十六夜町に入ってしまえば、長老たちの声が届くことも殆どないだろう。あるとすれば、混乱が治まったと告げに来る姉の使いか姉自身の姿だけ。
「いよいよ、だね」
明るくなりつつある空を見上げながら、クチナは寄り添うネネに語りかけた。
「ひと眠りして、起きたらすぐに向かおう。十六夜町はすぐそこだ。魂喰い獣が出迎えてくれたとしても、わたしが君を守るから大丈夫」
「いよいよ、なのね」
蛇穴に細石に天翔。三つの国を通り過ぎるのは二人が思っていた以上の長旅となった。それでも、過ぎてしまえばあっという間のものであった。本当に、あっさりとしたものだ。だがそれが逆に夢のように感じられた。

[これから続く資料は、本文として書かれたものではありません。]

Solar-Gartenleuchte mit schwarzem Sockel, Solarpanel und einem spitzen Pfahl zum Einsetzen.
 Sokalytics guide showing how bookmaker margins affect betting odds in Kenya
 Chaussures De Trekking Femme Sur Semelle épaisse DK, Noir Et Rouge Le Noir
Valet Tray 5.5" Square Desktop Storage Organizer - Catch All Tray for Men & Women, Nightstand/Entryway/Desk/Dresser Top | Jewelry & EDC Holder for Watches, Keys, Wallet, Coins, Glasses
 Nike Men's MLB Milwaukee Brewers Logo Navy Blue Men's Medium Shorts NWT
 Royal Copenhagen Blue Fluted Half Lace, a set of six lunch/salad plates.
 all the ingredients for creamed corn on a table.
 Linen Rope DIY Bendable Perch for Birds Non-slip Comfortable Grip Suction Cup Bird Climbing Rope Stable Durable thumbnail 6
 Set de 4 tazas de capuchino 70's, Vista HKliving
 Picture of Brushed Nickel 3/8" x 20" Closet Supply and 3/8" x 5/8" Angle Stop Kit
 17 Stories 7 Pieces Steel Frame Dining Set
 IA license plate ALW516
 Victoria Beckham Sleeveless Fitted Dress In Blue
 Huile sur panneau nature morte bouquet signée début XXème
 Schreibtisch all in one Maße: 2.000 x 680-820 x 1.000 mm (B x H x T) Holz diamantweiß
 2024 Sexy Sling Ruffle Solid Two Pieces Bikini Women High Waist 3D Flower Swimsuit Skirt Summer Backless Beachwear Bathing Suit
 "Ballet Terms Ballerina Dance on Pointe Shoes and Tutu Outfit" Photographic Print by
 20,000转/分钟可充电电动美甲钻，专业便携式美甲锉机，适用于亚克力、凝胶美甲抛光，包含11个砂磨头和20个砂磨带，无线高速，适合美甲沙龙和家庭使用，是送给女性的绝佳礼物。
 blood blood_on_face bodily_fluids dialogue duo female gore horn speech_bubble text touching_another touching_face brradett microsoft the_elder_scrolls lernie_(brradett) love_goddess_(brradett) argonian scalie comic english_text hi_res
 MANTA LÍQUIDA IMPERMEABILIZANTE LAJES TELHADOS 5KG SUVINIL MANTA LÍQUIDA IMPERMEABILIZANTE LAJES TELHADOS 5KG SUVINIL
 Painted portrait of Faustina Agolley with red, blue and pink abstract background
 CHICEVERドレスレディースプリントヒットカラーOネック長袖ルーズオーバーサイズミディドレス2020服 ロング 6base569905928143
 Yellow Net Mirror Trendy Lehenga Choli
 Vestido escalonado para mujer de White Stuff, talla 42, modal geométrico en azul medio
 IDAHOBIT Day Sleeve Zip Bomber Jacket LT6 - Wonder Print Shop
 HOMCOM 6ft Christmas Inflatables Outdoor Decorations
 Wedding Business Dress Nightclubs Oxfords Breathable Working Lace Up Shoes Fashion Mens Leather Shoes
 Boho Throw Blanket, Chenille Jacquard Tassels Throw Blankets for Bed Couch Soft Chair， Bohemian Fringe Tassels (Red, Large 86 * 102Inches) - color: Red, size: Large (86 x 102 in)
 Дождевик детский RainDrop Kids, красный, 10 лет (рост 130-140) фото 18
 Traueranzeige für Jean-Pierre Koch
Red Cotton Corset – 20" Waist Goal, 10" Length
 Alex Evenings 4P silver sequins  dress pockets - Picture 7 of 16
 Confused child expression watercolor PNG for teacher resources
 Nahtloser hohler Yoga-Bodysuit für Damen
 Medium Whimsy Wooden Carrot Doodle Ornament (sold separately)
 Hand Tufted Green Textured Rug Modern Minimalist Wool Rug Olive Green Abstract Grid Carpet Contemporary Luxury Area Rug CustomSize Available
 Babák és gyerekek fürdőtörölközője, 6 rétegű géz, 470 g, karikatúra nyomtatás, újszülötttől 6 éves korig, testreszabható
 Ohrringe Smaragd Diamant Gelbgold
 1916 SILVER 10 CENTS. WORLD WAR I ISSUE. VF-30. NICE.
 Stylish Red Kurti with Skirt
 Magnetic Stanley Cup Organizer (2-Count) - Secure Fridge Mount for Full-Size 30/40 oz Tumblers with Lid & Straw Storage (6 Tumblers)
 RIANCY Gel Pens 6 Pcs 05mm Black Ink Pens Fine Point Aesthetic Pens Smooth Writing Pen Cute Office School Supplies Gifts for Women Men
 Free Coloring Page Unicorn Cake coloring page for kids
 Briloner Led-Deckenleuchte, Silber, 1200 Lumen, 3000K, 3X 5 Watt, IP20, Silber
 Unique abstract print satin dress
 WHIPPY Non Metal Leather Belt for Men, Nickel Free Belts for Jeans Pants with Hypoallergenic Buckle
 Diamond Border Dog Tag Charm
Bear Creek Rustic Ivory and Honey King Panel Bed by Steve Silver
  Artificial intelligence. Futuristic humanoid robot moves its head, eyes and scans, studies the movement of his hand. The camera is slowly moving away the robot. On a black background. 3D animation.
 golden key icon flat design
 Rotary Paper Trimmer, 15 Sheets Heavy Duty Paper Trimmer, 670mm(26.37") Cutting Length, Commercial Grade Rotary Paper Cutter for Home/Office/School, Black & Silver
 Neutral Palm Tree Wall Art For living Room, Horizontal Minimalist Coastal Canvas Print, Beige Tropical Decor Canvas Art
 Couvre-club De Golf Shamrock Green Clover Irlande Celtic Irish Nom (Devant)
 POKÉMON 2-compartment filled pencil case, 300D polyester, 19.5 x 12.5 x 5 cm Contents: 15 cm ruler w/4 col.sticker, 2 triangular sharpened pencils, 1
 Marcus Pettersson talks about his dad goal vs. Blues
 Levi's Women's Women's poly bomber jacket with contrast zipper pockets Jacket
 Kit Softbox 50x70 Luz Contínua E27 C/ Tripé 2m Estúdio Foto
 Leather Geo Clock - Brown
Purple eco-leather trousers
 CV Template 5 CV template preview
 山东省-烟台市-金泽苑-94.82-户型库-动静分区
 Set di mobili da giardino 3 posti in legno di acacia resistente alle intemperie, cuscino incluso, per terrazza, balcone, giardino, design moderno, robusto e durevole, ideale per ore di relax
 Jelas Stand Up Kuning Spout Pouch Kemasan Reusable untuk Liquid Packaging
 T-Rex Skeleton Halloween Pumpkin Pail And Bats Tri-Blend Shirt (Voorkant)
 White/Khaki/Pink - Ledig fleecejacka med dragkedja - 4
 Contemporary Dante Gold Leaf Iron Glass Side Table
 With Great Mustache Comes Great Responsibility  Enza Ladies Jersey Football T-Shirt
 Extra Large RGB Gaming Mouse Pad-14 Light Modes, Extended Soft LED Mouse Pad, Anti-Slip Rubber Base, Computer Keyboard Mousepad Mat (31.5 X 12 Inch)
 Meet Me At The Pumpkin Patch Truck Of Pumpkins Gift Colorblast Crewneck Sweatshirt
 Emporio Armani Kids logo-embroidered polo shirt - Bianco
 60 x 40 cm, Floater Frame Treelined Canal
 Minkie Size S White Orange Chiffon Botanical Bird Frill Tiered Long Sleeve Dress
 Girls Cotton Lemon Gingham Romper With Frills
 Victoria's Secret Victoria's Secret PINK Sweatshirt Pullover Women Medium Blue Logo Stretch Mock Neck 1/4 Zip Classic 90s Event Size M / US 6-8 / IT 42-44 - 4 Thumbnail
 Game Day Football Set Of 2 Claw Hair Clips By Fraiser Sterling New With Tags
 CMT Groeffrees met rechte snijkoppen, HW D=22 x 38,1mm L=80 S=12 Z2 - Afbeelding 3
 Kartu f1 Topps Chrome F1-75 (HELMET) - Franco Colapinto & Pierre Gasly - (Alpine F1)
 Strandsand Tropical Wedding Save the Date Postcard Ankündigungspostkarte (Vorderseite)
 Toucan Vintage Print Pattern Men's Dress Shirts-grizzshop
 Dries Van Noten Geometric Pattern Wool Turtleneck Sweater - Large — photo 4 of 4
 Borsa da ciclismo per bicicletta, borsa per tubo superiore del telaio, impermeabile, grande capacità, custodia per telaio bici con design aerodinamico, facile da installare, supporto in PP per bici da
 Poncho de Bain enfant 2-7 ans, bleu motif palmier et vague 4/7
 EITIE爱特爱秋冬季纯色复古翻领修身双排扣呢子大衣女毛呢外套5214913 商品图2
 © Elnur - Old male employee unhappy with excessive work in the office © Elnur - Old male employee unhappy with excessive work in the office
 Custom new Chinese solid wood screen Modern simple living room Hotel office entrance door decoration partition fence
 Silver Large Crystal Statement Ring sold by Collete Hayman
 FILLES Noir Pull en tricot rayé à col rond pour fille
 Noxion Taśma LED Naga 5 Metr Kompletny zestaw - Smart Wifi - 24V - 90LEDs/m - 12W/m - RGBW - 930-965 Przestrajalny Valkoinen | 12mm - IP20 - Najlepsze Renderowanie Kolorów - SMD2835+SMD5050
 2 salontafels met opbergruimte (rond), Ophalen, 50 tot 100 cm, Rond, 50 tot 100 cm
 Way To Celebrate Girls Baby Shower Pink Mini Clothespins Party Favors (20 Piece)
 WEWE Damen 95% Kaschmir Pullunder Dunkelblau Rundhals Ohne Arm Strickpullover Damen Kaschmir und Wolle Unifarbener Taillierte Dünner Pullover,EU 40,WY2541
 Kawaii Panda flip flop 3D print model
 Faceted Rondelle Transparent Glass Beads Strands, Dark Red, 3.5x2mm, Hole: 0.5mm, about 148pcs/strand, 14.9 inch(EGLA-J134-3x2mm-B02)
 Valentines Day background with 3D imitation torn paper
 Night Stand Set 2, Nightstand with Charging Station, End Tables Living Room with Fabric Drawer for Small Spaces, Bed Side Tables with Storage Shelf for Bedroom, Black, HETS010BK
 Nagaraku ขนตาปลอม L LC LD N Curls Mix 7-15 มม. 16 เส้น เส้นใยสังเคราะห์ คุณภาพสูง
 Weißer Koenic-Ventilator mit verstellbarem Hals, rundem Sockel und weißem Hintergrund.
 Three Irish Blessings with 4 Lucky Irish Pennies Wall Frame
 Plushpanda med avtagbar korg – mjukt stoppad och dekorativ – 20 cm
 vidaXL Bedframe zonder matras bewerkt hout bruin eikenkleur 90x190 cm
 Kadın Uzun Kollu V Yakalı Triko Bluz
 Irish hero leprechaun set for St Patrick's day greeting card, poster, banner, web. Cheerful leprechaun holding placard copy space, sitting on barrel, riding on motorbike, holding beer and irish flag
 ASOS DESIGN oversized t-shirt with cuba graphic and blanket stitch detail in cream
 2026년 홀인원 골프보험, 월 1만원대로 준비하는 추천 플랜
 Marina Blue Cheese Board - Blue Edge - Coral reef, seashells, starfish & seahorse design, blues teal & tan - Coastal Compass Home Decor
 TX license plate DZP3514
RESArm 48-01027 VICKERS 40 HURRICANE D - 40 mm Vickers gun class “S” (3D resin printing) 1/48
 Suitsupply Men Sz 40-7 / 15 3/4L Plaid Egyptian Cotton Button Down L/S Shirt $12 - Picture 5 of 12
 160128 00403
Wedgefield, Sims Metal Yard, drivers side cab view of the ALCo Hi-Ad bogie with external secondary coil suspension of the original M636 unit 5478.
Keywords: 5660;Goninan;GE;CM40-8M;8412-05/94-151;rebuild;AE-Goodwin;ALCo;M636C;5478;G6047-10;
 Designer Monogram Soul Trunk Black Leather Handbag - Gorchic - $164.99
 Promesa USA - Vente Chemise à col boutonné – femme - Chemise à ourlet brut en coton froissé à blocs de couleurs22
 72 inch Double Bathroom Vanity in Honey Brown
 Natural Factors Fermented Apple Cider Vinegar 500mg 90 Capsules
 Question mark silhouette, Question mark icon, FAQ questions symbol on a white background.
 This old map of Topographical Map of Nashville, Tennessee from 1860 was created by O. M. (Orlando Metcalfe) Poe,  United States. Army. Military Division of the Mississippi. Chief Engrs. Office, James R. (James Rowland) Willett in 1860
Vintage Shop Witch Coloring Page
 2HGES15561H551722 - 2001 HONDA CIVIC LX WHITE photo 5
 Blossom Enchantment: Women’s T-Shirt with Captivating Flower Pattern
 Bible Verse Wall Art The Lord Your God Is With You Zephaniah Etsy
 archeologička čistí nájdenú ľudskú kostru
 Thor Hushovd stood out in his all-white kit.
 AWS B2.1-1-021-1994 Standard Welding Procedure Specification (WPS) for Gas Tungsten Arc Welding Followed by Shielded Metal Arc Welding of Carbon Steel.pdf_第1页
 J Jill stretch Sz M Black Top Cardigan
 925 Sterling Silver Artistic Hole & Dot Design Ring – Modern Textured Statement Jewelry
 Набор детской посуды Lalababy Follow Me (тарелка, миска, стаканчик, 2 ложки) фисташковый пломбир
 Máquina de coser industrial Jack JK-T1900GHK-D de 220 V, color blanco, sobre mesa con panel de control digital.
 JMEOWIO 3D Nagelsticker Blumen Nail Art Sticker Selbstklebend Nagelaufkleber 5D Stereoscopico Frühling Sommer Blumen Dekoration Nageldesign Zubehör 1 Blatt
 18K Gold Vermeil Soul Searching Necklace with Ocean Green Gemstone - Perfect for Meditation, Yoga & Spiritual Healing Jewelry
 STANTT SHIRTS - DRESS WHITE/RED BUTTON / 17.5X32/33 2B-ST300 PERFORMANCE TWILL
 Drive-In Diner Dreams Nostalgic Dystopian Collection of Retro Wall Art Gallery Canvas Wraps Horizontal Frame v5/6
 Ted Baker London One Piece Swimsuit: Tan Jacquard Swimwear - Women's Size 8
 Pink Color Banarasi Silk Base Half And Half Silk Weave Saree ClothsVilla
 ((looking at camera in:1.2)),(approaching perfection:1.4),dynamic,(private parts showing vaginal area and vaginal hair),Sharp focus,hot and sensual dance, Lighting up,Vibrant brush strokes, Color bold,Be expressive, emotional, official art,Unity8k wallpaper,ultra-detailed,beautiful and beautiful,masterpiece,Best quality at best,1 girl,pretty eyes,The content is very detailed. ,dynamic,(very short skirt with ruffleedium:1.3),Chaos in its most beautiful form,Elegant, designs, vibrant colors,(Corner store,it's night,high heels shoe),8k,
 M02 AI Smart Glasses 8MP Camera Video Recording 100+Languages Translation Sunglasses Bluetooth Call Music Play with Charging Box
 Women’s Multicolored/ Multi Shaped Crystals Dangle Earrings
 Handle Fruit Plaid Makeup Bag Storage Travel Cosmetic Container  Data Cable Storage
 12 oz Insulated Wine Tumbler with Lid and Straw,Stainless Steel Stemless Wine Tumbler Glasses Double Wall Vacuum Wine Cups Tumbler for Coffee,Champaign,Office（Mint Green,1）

夜明けが来る。眠気が広がる。寄り添って眠るのも、いつの間にか当り前のこととなっている。追手の心配も殆どないというのは、本当に有難かった。隣で眠りに誘われていくネネの姿を眺めながら、クチナはしみじみと思った。
物騒な天翔とも今日でお別れだ。今より昇っていく日の神が西の山の向こうへと去っていけば、その時はいやでも訪れる。
今は一度眠り、目覚めるだけ。睡魔に攫われていく感覚に浸りながら、クチナは意識の狭間へと至るまで、長く抱き続けた期待に心を弾ませていたのだった。